**RECORDS PROVIDED**.
------

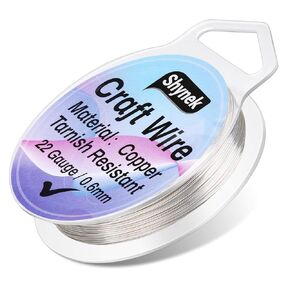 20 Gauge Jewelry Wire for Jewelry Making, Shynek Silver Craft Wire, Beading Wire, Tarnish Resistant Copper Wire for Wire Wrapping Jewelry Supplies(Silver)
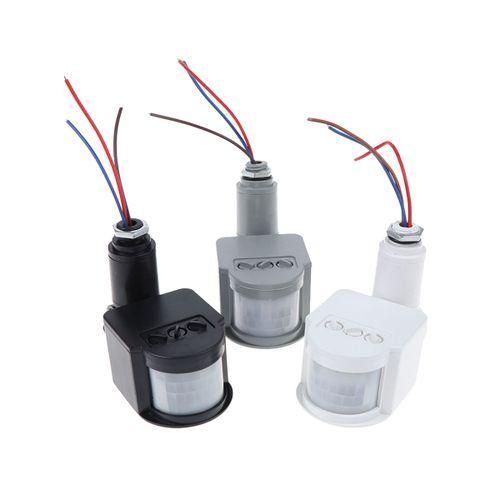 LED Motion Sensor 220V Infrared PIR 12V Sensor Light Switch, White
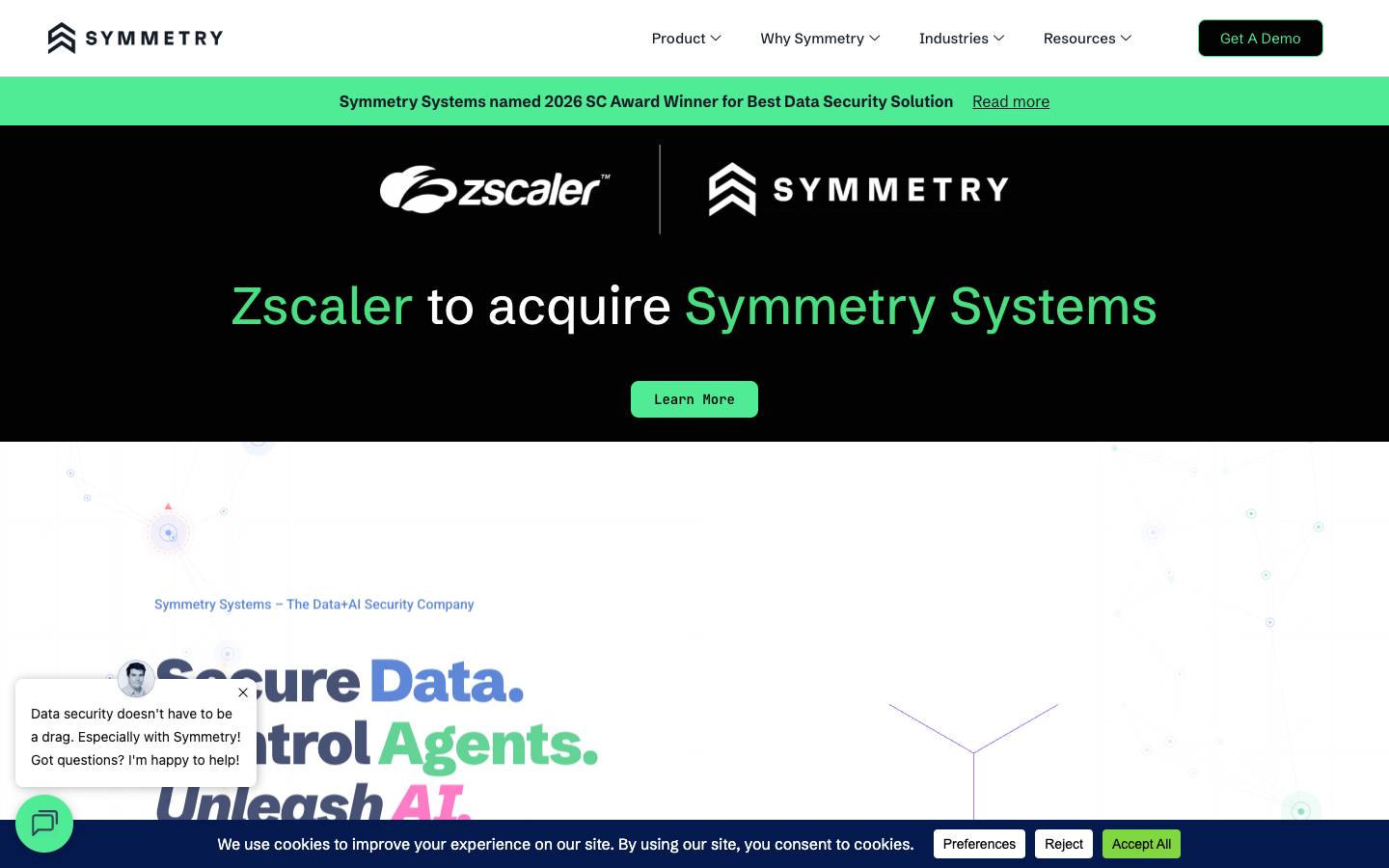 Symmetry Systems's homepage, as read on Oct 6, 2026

------

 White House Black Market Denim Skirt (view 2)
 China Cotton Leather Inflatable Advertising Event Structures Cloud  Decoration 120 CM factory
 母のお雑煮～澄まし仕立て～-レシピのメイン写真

------

Your answer must be the lines above from the one holding "20 Gauge Jewelry" up to and including the one holding "Symmetry Systems's homepage, as", exact and with no pictures.

 20 Gauge Jewelry Wire for Jewelry Making, Shynek Silver Craft Wire, Beading Wire, Tarnish Resistant Copper Wire for Wire Wrapping Jewelry Supplies(Silver)
 LED Motion Sensor 220V Infrared PIR 12V Sensor Light Switch, White
 Symmetry Systems's homepage, as read on Oct 6, 2026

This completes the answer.